Head _i ＝Attention(QW _i ^Q ,KW _i ^K ,VW _i ^V ) (2)

the output vectors of all h parallel headers are concatenated together and finally the mixed semantic representation is output:

X _context ＝Concat(Head ₁ ,Head ₂ ,...,Head _h )·W ^A (3)

wherein, X _context ∈R ^n*d ，W ^A ∈R ^d*d A weight matrix that is a linear operation;

finally, in order to mine the rich semantic information of the sentence, the vocabulary vector and the semantic vector containing the context information are spliced to obtain the final sentence vector representation, namely the input of the next step;

step two, feature coding

The LSTM unit consists of three multiplier gates, a forgetting gate determines the discarded information, an input gate determines the updated information, an output gate updates the state of the information, the LSTM protects and controls the flow of information mainly through the three gates, acquires past and future information through its extension Bi-LSTM,

and

step three, entity recognition

Expressing the entity recognition task as a sequence tagging problem, an entity generally consists of several consecutive words in a sentence, so a BIO tagging scheme is adopted, i.e. B, I and O are used to represent the beginning, inside and outside of the entity, respectively, one tag is assigned to each word in the entity, the most likely entity tag for each word is first calculated over CRF, the tag score is calculated:

s ^(e) (h _i )＝V ^(e) f(W ^(e) h _i +b ^(e) ) (5)

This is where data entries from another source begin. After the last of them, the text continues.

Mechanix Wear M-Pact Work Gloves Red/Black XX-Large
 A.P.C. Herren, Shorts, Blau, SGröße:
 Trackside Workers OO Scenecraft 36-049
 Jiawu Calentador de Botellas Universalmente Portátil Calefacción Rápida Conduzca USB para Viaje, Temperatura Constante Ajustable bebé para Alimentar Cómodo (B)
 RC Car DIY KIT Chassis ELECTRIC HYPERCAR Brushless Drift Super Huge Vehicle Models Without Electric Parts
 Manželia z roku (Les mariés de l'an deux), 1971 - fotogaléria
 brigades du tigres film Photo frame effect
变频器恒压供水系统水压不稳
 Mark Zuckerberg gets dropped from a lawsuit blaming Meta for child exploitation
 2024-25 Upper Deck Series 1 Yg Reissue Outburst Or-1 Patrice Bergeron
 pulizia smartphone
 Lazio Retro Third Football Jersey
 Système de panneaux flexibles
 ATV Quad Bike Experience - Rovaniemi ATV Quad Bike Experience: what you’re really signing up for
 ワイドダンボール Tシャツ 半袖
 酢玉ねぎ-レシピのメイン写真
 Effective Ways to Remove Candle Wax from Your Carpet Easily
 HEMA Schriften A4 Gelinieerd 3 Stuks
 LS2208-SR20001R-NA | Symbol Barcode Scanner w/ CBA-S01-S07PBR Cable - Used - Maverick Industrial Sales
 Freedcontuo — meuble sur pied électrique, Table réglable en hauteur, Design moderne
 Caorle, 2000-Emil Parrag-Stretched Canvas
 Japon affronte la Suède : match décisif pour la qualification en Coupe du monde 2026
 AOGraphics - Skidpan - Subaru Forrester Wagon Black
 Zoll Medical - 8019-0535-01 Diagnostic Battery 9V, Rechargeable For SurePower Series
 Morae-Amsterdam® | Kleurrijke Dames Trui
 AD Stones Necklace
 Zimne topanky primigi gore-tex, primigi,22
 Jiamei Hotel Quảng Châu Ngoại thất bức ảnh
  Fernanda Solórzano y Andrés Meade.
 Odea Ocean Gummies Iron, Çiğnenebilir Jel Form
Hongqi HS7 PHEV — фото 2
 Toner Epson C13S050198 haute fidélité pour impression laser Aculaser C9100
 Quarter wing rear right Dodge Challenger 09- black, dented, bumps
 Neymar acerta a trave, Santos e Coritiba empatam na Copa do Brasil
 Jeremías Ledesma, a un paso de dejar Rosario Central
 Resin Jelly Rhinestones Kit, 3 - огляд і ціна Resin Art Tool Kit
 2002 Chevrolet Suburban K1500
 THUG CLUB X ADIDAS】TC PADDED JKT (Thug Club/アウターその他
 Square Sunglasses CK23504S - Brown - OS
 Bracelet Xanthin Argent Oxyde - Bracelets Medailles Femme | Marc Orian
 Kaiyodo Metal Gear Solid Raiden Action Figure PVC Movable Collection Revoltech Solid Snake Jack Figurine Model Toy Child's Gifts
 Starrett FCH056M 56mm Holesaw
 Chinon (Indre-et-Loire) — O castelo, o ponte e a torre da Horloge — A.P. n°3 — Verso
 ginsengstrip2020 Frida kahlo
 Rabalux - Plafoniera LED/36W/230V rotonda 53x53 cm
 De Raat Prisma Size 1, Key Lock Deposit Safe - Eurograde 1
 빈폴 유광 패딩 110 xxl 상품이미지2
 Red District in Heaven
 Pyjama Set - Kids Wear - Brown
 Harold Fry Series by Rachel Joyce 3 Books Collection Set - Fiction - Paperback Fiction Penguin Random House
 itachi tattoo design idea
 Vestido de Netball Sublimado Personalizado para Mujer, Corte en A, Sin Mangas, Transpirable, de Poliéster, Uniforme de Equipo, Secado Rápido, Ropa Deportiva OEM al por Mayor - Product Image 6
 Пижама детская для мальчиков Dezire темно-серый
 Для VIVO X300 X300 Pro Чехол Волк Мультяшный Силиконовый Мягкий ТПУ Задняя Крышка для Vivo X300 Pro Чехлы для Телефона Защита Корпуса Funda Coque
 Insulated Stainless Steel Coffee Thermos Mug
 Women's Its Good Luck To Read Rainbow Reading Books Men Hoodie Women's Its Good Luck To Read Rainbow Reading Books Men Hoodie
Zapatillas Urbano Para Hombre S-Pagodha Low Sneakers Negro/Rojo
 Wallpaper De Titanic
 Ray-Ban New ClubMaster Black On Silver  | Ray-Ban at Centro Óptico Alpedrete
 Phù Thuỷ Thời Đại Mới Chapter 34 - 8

wherein f (-) is an element activation function, V ^(e) ∈R ^p*l ,W ^(e) ∈R ^l*2d ,b ^(e) ∈R ^l D is the hidden size of the LSTM, p is the type of entity type, and l is the layer width;

the invention then proceeds through a linear chain CRF, considering the order between the tags, for the input word w _i The scoring sequence is expressed as:

wherein,

is shown when w _i Mark y _i Mark score of time, T represents y _i To y _i+1 And finally, calculating the mark of the sentence w as a tag sequence

Probability of (c):

since the prediction of the relationship classification depends to some extent on the result of the entity identification, the obtained entity information is taken as an embedded vector g _i Input to the next step, i.e. z _i ＝[h _i ；g _i ]；

Step four, relation classification

The relation extraction task is regarded as a multi-head selection problem, all relation triples in a sentence can be effectively identified, the extraction of overlapping relations is realized, any relation type can be kept between two entities, and the semantic relation between each entity is kept independent;

a sentence w and a set of relationship labels R are used as input, the purpose is to identify relationship triples in the sentence, and the relationship labels R are given _k Calculating two entities w _i And w _j Fraction in between:

s ^(r) (w _j ,w _i ,r _k )＝V ^(r) f(U ^(r) z _j +W ^(r) z _i +b ^(r) ) (8)

wherein r, V ^r D represents the number of hidden units for the relation classification task, weight matrix, LSTM, f (-) represents the activation function, and the word w _j And w _i Has a relationship type r between _k The probability is defined as

Pr(head＝w _j ,label＝r _k |w _i )＝σ(s ^(r) (w _j ,w _i ,r _k )) (9)

Where σ is the sigmoid function. sigmoid assumes that all relationships are independent of each other and it does not add the probabilities of all relationships to 1, when the probability is greater than 0.5, then a relationship between two entities is considered to exist.